Noordraven Laura E C, Kim Hyun-Jung, Hoogland Hans, Grauwet Tara, Van Loey Ann M
KU Leuven, Laboratory of Food Technology, Department of Microbial and Molecular Systems (M2S), Kasteelpark Arenberg 23, P.O. Box 2457, 3001 Leuven, Belgium.
Unilever Foods Innovation Centre, Department of Product & Process Science Foods, Bronland 14, 6708 WH Wageningen, The Netherlands.
Foods. 2021 Oct 29;10(11):2622. doi: 10.3390/foods10112622.

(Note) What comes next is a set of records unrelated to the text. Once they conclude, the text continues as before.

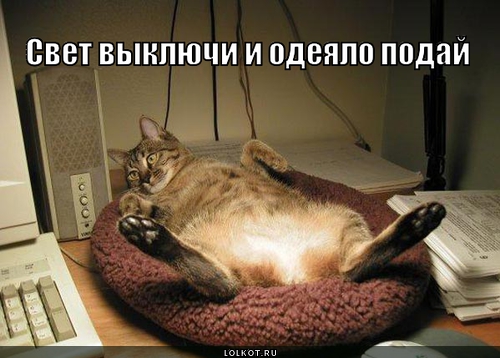 свет выключи и одеяло подай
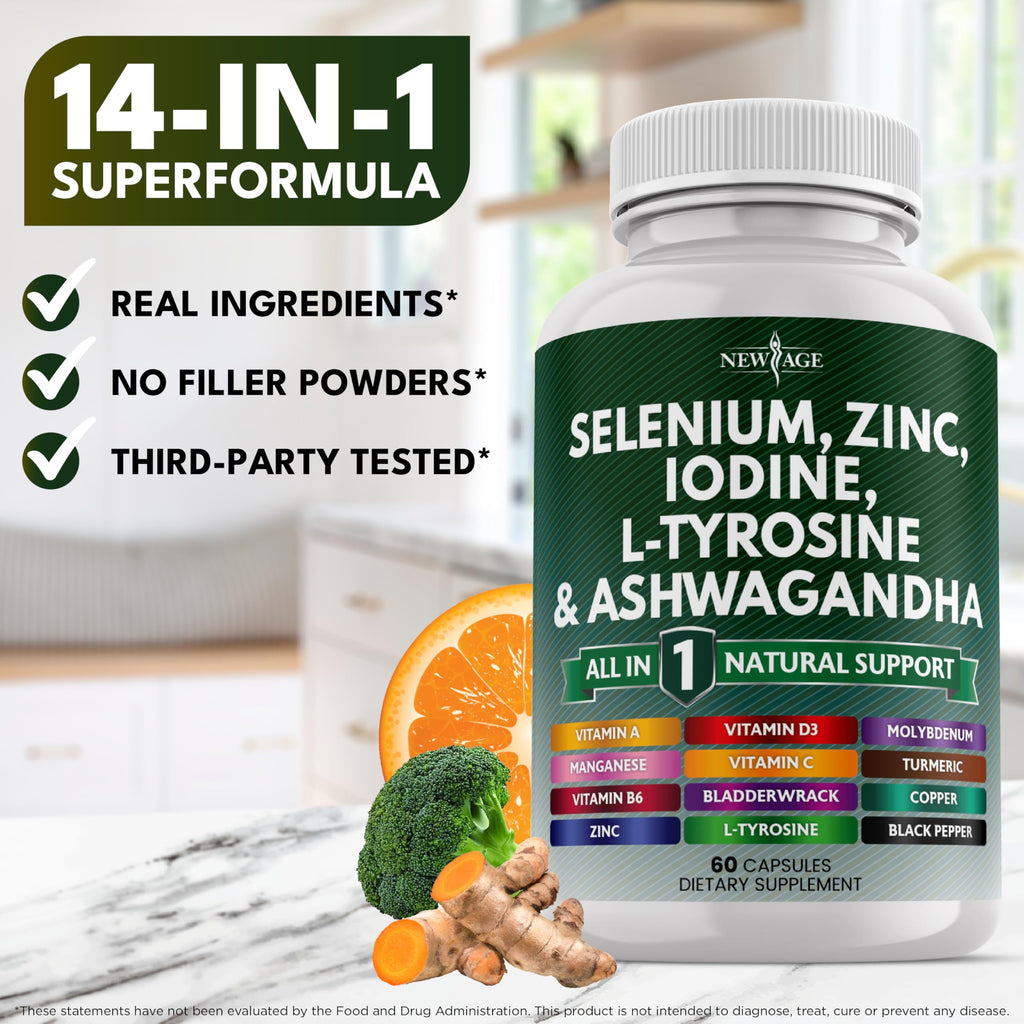 Selenium Zinc Iodine L Tyrosine Ashwagandha Supplement 120 Count T41441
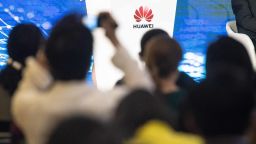 journalists and guests attend the Huawei database and storage product launch during a press conference at the Huawei Beijing Executive Briefing Centre in Beijing on May 15, 2019. (Photo by FRED DUFOUR / AFP)        (Photo credit should read FRED DUFOUR/AFP/Getty Images)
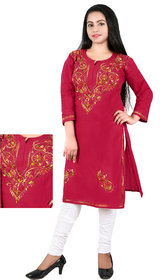 Shree Maa Boutique Women Pure Cotton Lucknow Chikan Embroidery Straight Kurti(Red)
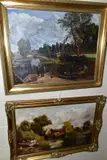 a nostalgic scene of horse drawn barges in a rural setting, by Margaret Darby, oil on canvas, sold Nov 2020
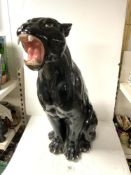 A LARGE CERAMIC FIGURE OF A BLACK JAGUAR, MADE IN ITALY, 80 CMS.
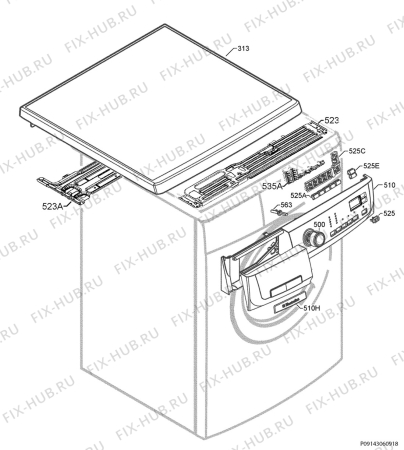 Взрыв-схема стиральной машины Electrolux EWF1273S - Схема узла Command panel 037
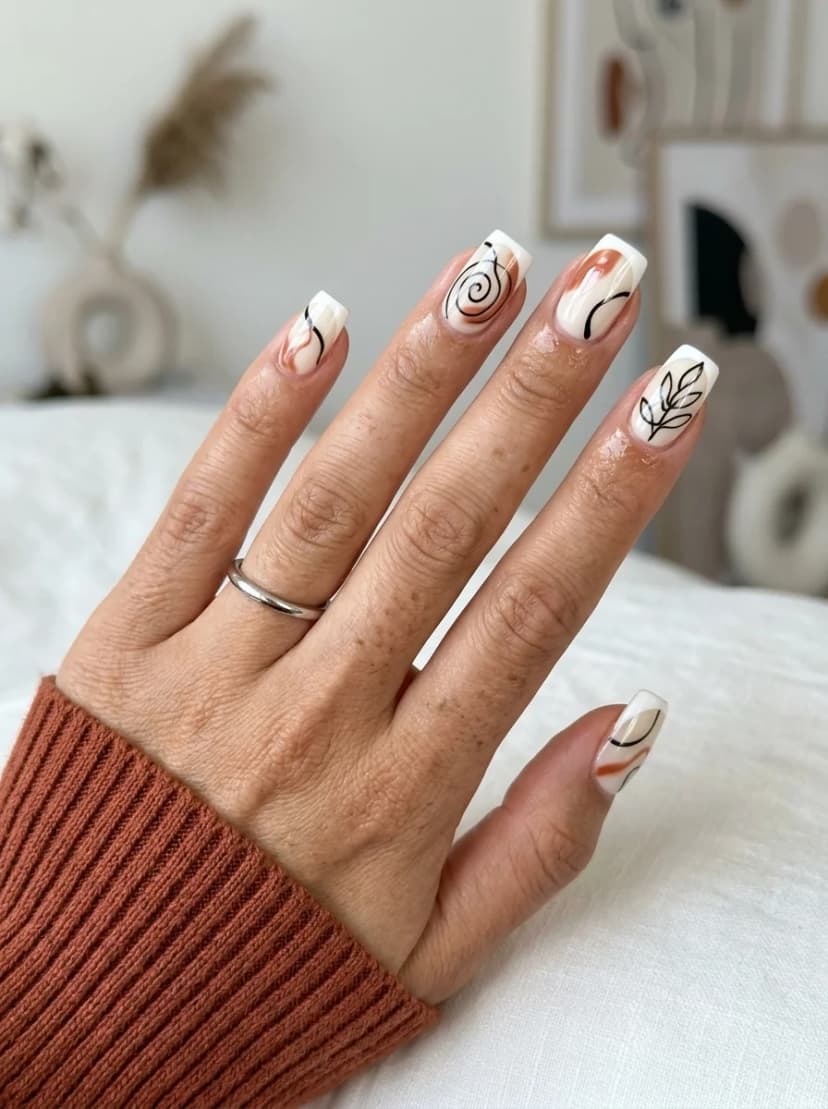 Abstract Line Art Nails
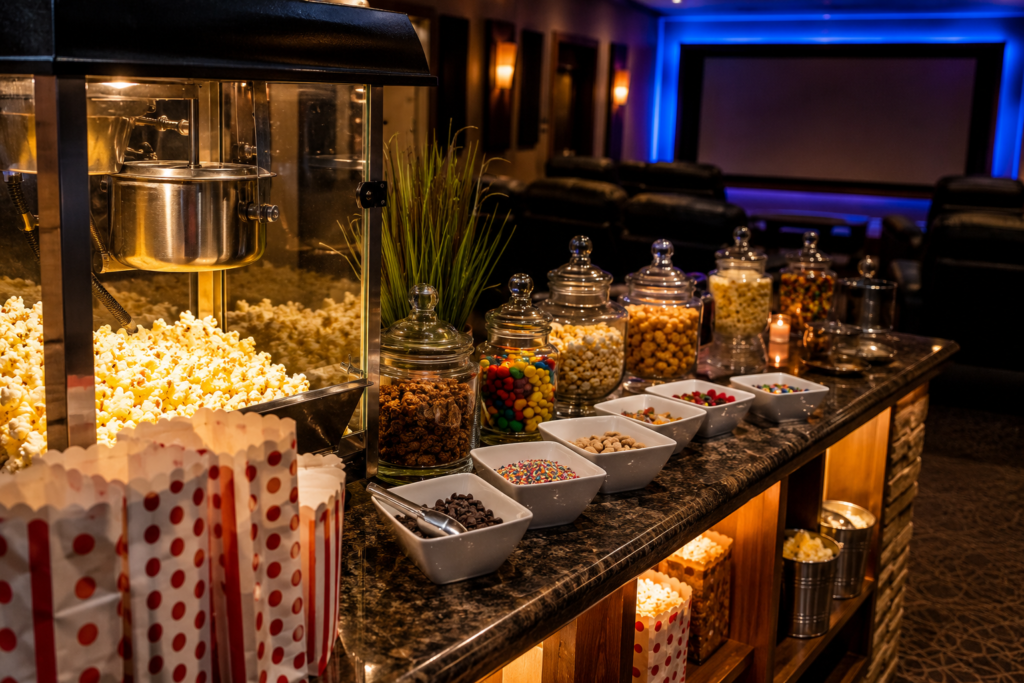 Luxury home theater snack bar with popcorn machine, candy jars, warm lighting, dark walls, and theater seating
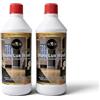 Luxum StoneLux WashPRO Detergente igienizzante formulato con materie prime selezionate di alta qualità Adatto anche a robot lavapavimenti HACCP - 2 × 750 ml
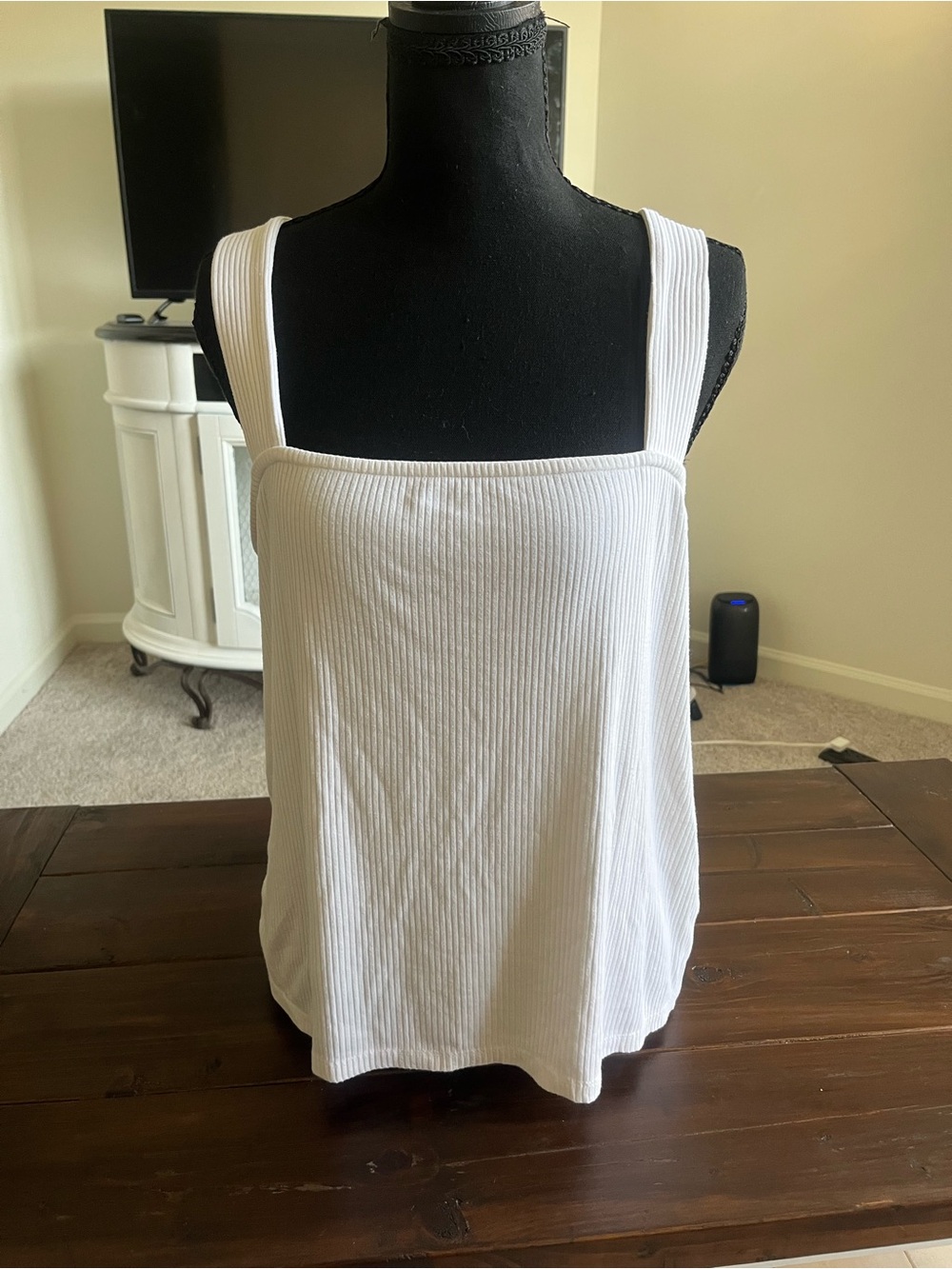Anthropologie Women’s White Ribbed Square-Neck Tank Top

Chickpea flours are an interesting multifunctional ingredient for different food products. This study investigated the potential of differently processed chickpea flours as alternative thickening agents in an instant soup recipe, replacing potato starch. Dry instant soup powders were compared on bulk density and powder flowability, whereas prepared liquid instant soups were studied in terms of rheological behaviour (as influenced by microstructure) and volatile composition. The chickpea-flour-containing soup powders possessed similar powder flowability to a reference powder but were easier to mix and will potentially result in reduced blockages during filling. For prepared liquid instant soups, similar viscosities were reached compared to the potato starch reference soup. Nevertheless, the chickpea-flour-containing soups showed higher shear thinning behaviour due to the presence of larger particles and the shear induced breakdown of particle clusters. Flavour compounds from the soup mix interacted with chickpea flour constituents, changing their headspace concentrations. Additionally, chickpea flours introduced new volatile compounds to the soups, such as ketones, aldehydes, alcohols, and sulphur compounds, which can possibly alter the aroma and flavour. It was concluded that chickpea flours showed excellent potential as alternative thickening ingredient in instant soups, improving the protein, mineral and vitamin content, and the powder flowability of the soups, although the flavour of the soups might be affected by the changes in volatile profiles between the soups.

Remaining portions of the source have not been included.